With the increasing amount of applications in the field of artificial intelligence (AI), many AI-related patent applications have entered the examination stage in China.

However, an invention in the field of AI is different from a general invention in that a technical solution adopted in the invention in the field of AI keeps evolving through self-learning without creative efforts made by the person skilled in the art. Therefore, in the process of examining inventions in the field of AI, how to define 'the person in the art' in the patent law practice is an important issue in the current examination.

Definitions clarified

Definitions of the 'person skilled in the art' are different in patent practice for different countries and regions. For example, in the US, the person skilled in the art is considered to have certain creativity.

In the KSR case (KSR International Co v Teleflex Inc et al), the Supreme Court of the US clearly stated: "[A] person of ordinary skill is also a person of ordinary creativity, not an automaton". "[I]n many cases a person of ordinary skill will be able to fit the teachings of multiple patents together like pieces of a puzzle". Office personnel may also take into account "the inferences and creative steps that a person of ordinary skill in the art would employ".

In Europe, the 'person skilled in the art' is presumed to have had access to everything in the 'state of art', in particular the documents cited in the search report, and to have been in possession of the means and capacity for routine work and experimentation which are normal for the field of technology in question (see the 'European Guidelines for Examination', Part G, Chapter VII, section 3).


“Assessment of whether the solution involves an inventive step must therefore be based on that specialist’s knowledge and ability.”


If the problem prompts the person skilled in the art to seek its solution in another technical field, the specialist in that field is the person qualified to solve the problem. Assessment of whether the solution involves an inventive step must therefore be based on that specialist's knowledge and ability (see the 'European Guidelines for Examination', Part G, Chapter VII, section 3).

Further, although it is not explicitly specified in the European Guidelines for Examination whether the person skilled in the art should have creativity, in the European legal precedents, it is inclined to consider the person skilled in the art to have certain creativity.

However, in China, the person skilled in the art refers to a fictional 'person' who is presumed to be aware of all the common technical knowledge and have access to all the technologies existing before the filing date or the priority date in the technical field to which the invention pertains, and have capacity to apply all the routine experimental means before that date.

However, he is not presumed to have creativity. If the technical problem to be solved impels that person to seek technical means in other technical field, he should also be presumed to have access to the relevant prior art, common technical knowledge, and routine experimental means in the other technical field before the filing date or the priority date (see 'Guidelines for Patent Examination', Part II, Chapter 4, section 2.4).

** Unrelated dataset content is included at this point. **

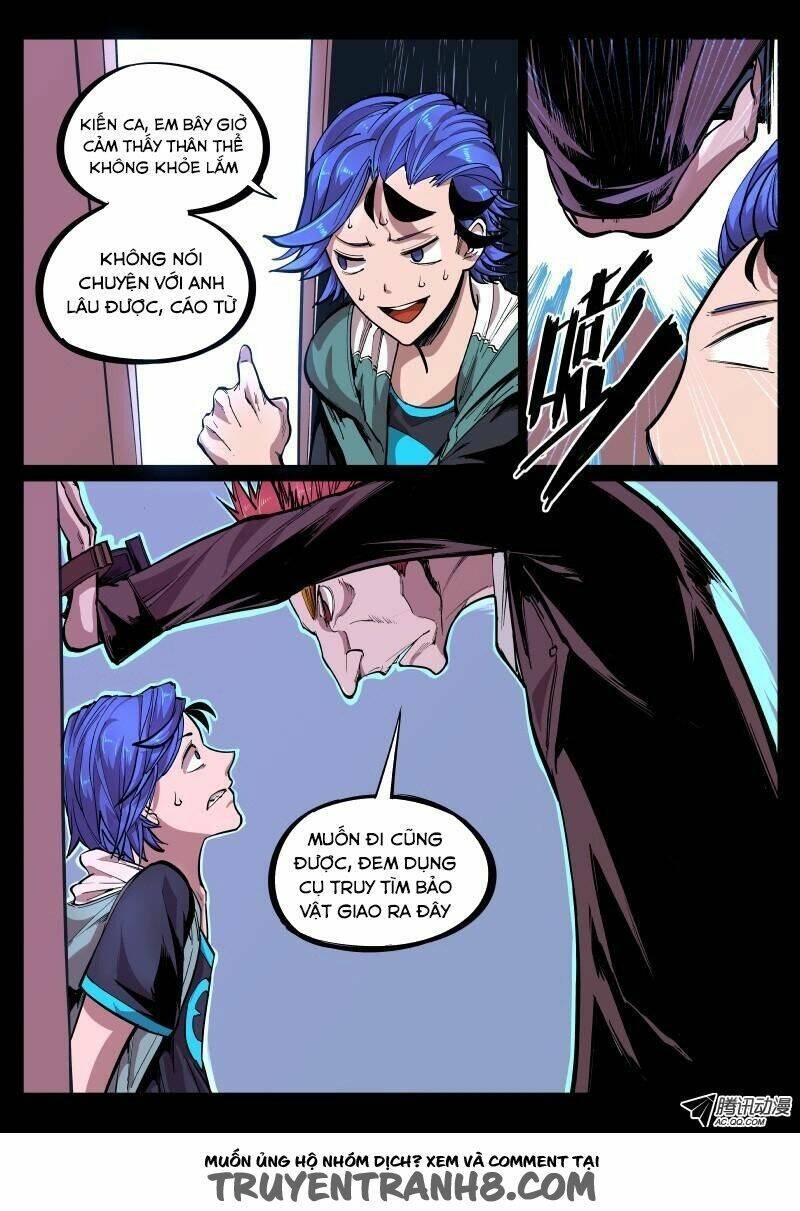 Trần Đăng Bảo Đàm Chapter 22 - 7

Although the above-mentioned countries and regions have different requirements for the capacity of the person skilled in the art, the rule that "if a technical solution can be obtained through logical analysis, reasoning or limited experiments, it should be deemed obvious" is still a rule widely adopted throughout the world.

In the administrative litigation case of invalidation of patent right of "a kind of injection mouth structure of soft bag" (administrative judgment (2006) No. 231of Beijing Higher People's Court) the Beijing Higher People's Court held that under the condition that reference document 1 discloses the technical solution of 30–70 degrees and reference document 2 discloses the technical solution of obtuse angle, the technical solution of 90–140 degrees disclosed in the patent involved can be obtained by a person skilled in the art through a simple test (limited experiments). The above case implies that a person skilled in the art could still have creativity under some situations in the practice of patent law in China.

AI technology

The AI field is generally characterised in that AI technology can keep evolving through learning and training of input data. With the accumulation of the amount of data used to train AI and the time for learning of AI, even for AI technologies with the same start point, different evolution routes may occur.

On the other hand, for the AI field, data iteration is conventional experimental means, and it is possible to produce technical solutions that are beneficial to solve practical problems through long-term data iteration.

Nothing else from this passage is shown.